WHAT YOU ARE ASKED TO DO: All of the data below must be reproduced word for word, but without its images.

AVAILABLE DATA:
════════════════

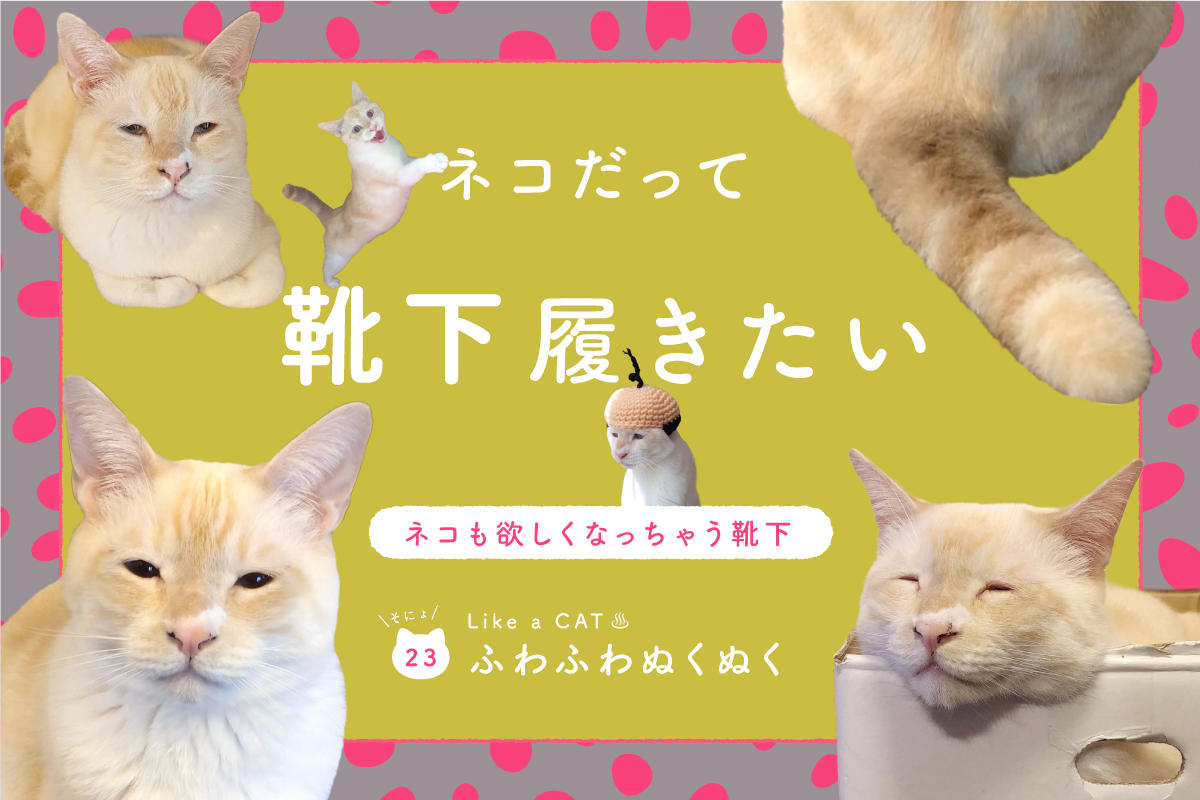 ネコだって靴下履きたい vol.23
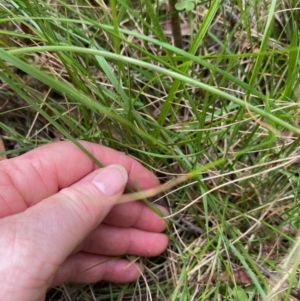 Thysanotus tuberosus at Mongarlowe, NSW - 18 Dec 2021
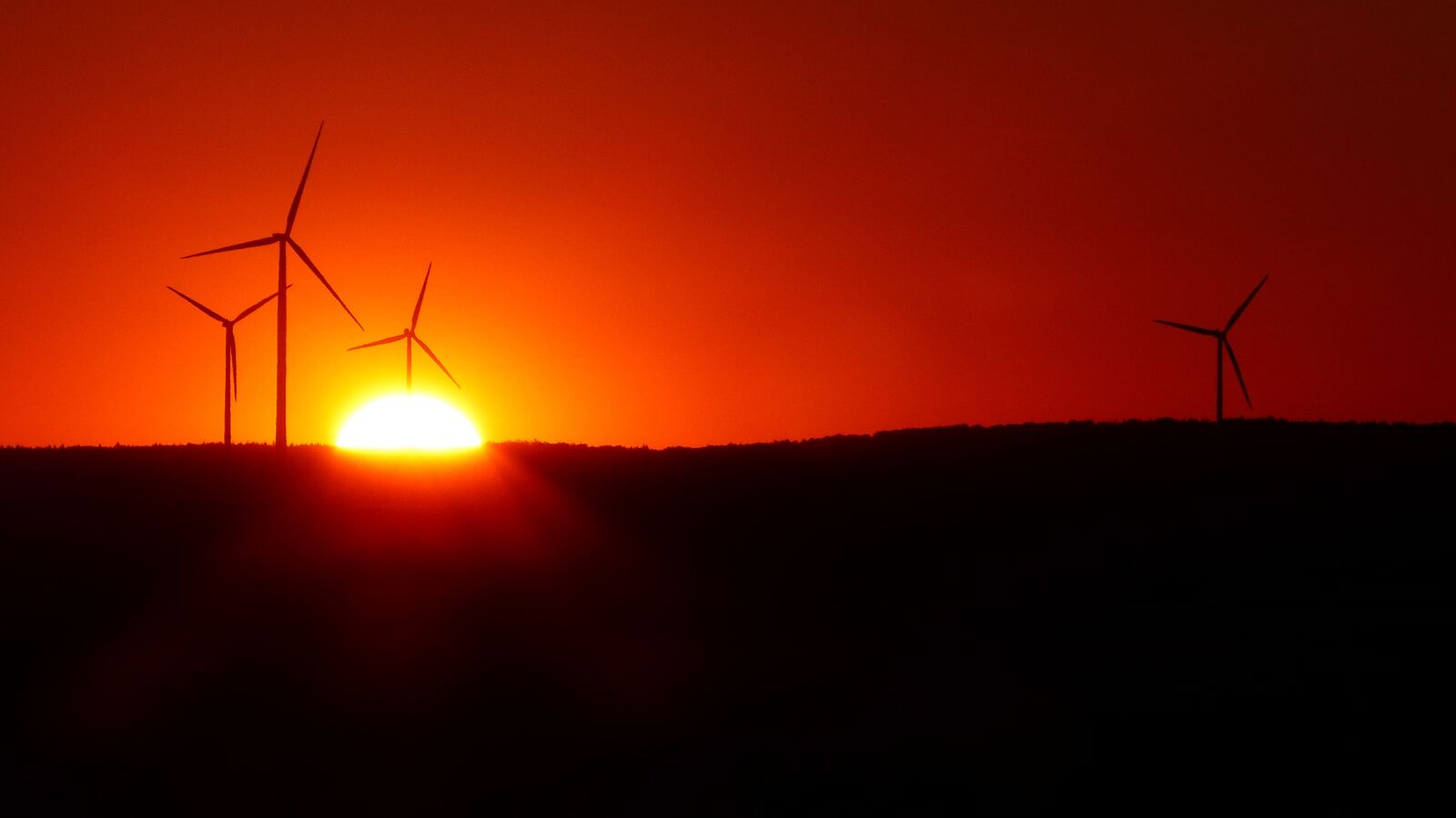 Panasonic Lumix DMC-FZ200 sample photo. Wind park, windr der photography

════════════════

ANSWER SPACE:
 ネコだって靴下履きたい vol.23
 Thysanotus tuberosus at Mongarlowe, NSW - 18 Dec 2021
 Panasonic Lumix DMC-FZ200 sample photo. Wind park, windr der photography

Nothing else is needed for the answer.